To confirm this hypothesis and rule out any effect of DAZ in HJ formation, we compared the level of HJs in strains carrying a tandem repeat of two dif sites inserted within DAZ or within lacZ (Fig. 4B). Because tandem repeats of dif within DAZ are unstable in FtsKc+ cells (Perals et al. 2000), levels of HJ formation were assayed in FtsKc cells in which the Xer recombination reaction does not go to completion. The level of HJs reached 7.3% when the directly repeated dif sites were located within DAZ (Fig. 4B, DAZ). This corresponds to a greater than 10-fold increase when compared with strains with a single dif site. The observed HJs were due to Xer recombination because they were abolished in a XerC background. The level of HJs remained high when the tandemly repeated dif sites were in lacZ (4.4%), HJ formation being also entirely due to Xer recombination. Despite this high level of HJs, tandem repeats at lacZ are stable in FtsK+ cells (data not shown). Thus, by providing a substrate in which two dif sites are readily accessible, we could overcome the need for dif to be located in the replication terminus region for HJ formation, but resolution to a complete recombinant product was still confined to DAZ.

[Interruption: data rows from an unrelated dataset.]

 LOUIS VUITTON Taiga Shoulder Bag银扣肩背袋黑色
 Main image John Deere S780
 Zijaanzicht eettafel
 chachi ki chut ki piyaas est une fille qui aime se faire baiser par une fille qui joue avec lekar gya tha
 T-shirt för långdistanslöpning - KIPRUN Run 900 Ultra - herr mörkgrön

In vitro HJ formation by XerCD at dif

We have shown that HJ formation at dif does not depend on chromosomal dimers, the location of dif in DAZ, or the activity of FtsK. Furthermore, ∼5% of HJs were detected between tandemly repeated dif sites. This high level of HJs was surprising because only very low levels of HJs had been observed in previous in vitro experiments with purified Xer recombinases (Blakely et al. 2000; Colloms et al. 1996). In those experiments, the catalytic activity of XerC but not XerD was shown to be necessary.

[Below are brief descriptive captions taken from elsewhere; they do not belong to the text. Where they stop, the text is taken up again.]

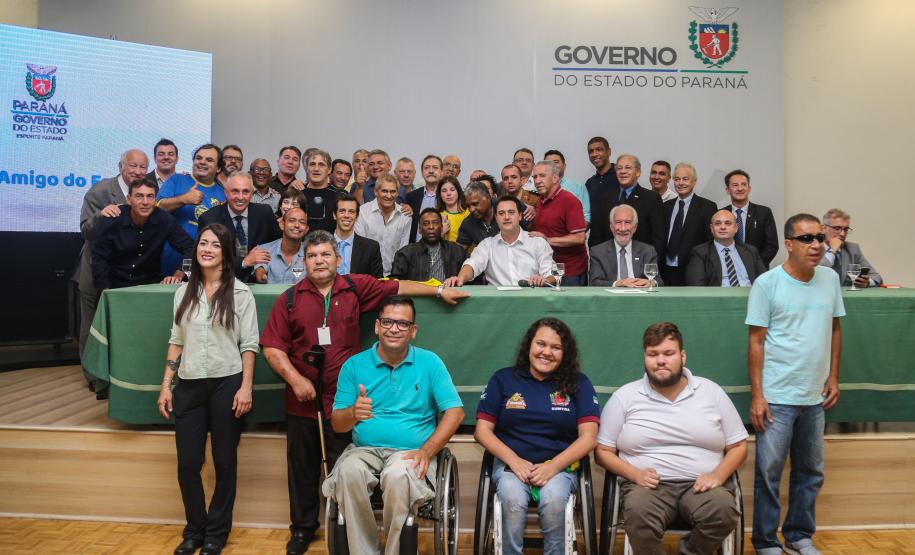 Governador Carlos Massa Ratinho Junior e o ex-jogador de futebol Pelé, lançam campanha do Governo do Estado para incentivar cidadãos e empresas a apoiarem projetos esportivos por meio da destinação de impostos. - Curitiba, 13/03/2019 - Foto: Geraldo Bubniak/ANPr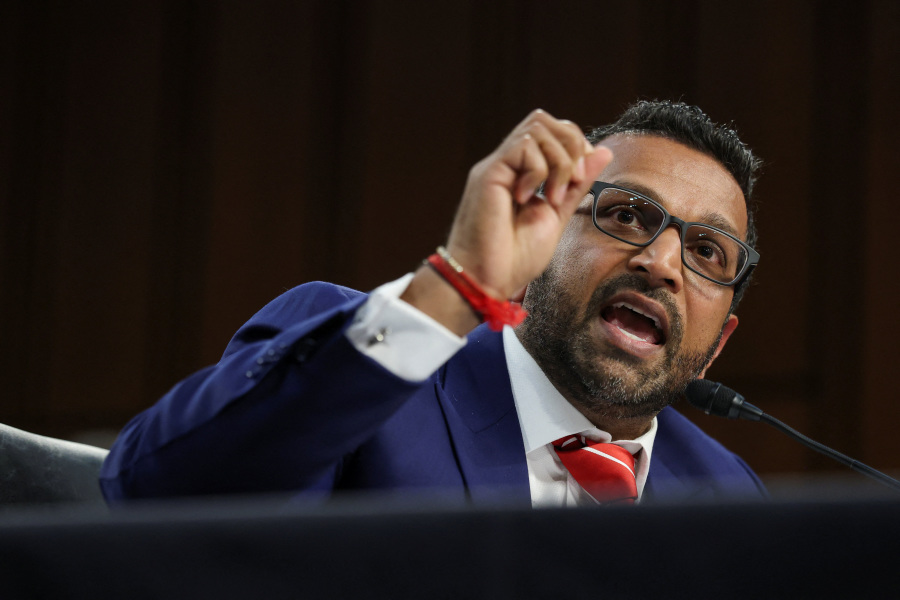 US FBI chief calls for  al Qaeda  treatment for traffickers, after second strike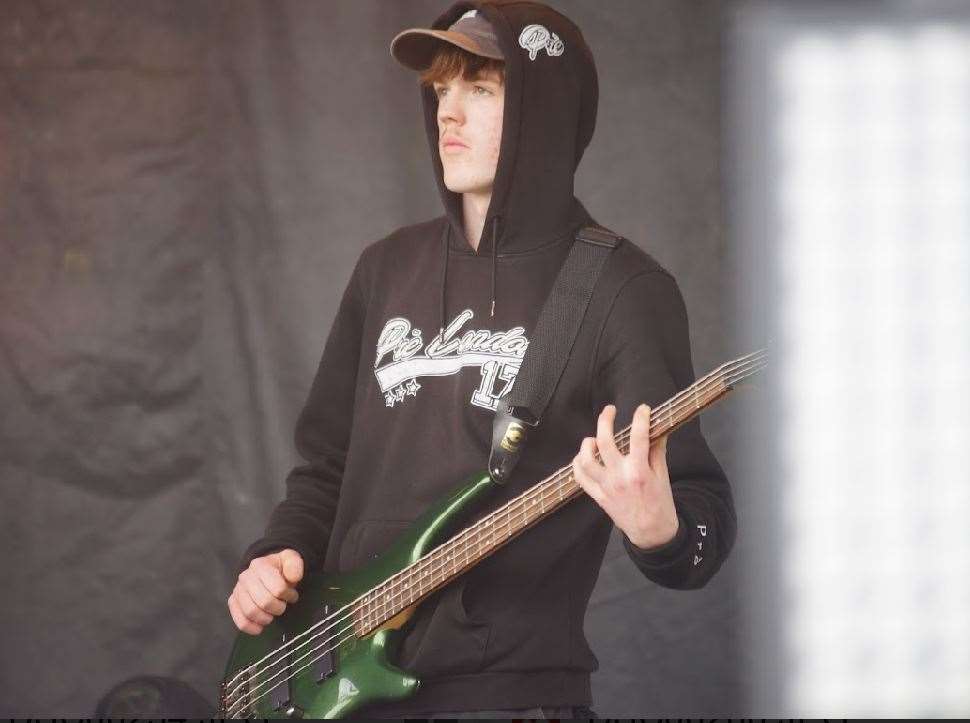 Bassist, Rowan Armstrong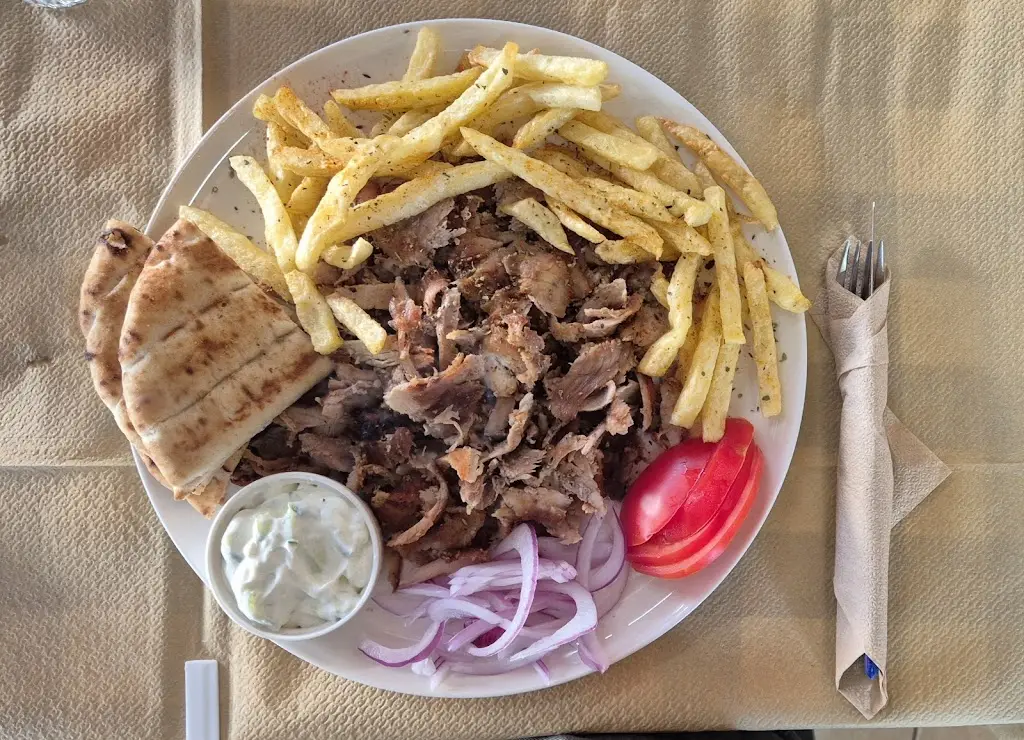 Ταβέρνα ψησταριά ´Ο ΠΑΚΗΣ´_Kanáli_slider_image_2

We reasoned that in vitro synapsed dif sites might also undergo cycles of Xer-mediated strand exchanges that lead to the formation of HJs and their conversion back to substrate, but that this results in steady state levels of HJs too low to be readily detected. We therefore tested whether ethidium bromide (EtBr), which inhibits the action of type I topoisomerases and many other DNA processing enzymes, blocks the conversion of HJs back to substrate in in vitro reactions performed on a supercoiled plasmid carrying two dif sites, for example, by preferentially binding to HJ DNA and thereby inhibiting the action of XerCD on HJ intermediates. This would increase the level of HJs by displacing the equilibrium between HJ formation and resolution.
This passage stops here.